- Pitcher
- Born: November 19, 1855 Lowell, Massachusetts, U.S.
- Died: July 11, 1886 (aged 30) Lowell, Massachusetts, U.S.
- Batted: LeftThrew: Left

MLB debut
- July 1, 1880, for the Buffalo Bisons

Last MLB appearance
- June 28, 1884, for the Louisville Eclipse

MLB statistics
- Win–loss record: 38–39
- Earned run average: 3.08
- Strikeouts: 171
- Stats at Baseball Reference

Teams
- Buffalo Bisons (1880); Pittsburgh Alleghenys (1882–1883); Louisville Eclipse (1884);

Career highlights and awards
- American Association ERA champion (1882);

= Denny Driscoll =

American baseball player (1855–1886)

John F. "Denny" Driscoll (November 19, 1855 – July 11, 1886) was an American Major League Baseball pitcher from 1880 to 1884. Driscoll played for the Buffalo Bisons, Pittsburgh Alleghenys (the modern-day Pittsburgh Pirates), and Louisville Eclipse. While playing for Pittsburgh, he led the American Association in earned run average in 1882, at 1.21. He went 13-9 that season.
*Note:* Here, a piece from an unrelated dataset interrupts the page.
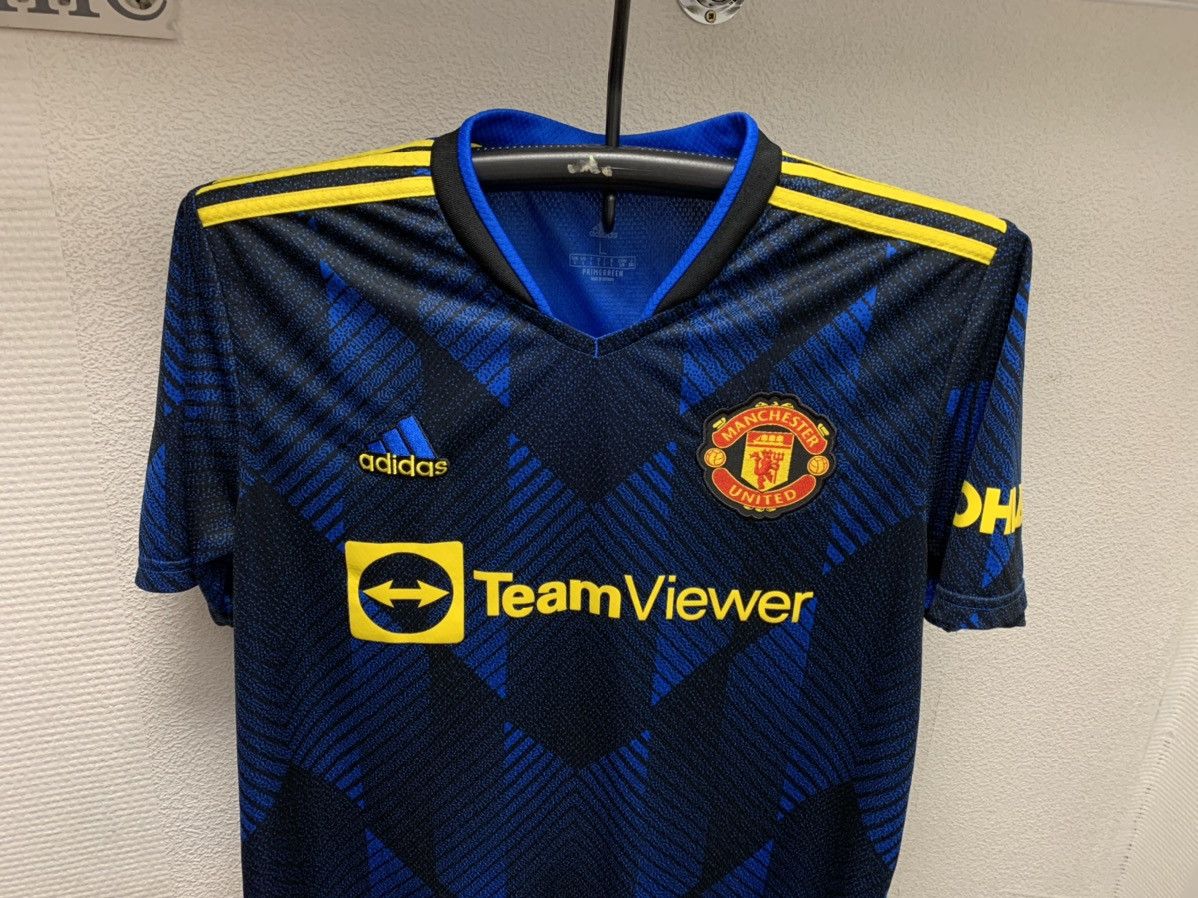 Adidas Manchester United adidas soccer jersey 2021 L teamviewer Size US L / EU 52-54 / 3 - 2 Thumbnail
In 1883, he was the primary pitcher for the Alleghenys' for most of the season with an 18–21 record, and was the opening day starting pitcher.

==Personal life==
Driscoll was playing baseball professionally for local teams in Lowell and Nashua, New Hampshire by the age of 15. In November, 1882, he married 18-year old Mary Driscoll of Westford, Massachusetts. Soon afterwards he moved to Westford, most likely in the village of Graniteville, as the Casey family members were employed in the local granite quarries and mills. After the death of his father-in-law, Driscoll supported the Casey family with his baseball salary. In vital records of the early 1880s, he alternately listed his occupation as 'ball player' or 'machinist'. Denny Driscoll had two children with Mary, John William, born September 17, 1883, and Lizzie, born April 21, 1885.
Driscoll died in his hometown of Lowell, Massachusetts at the age of 30 of consumption (tuberculosis). He is interred at St. Patrick Cemetery.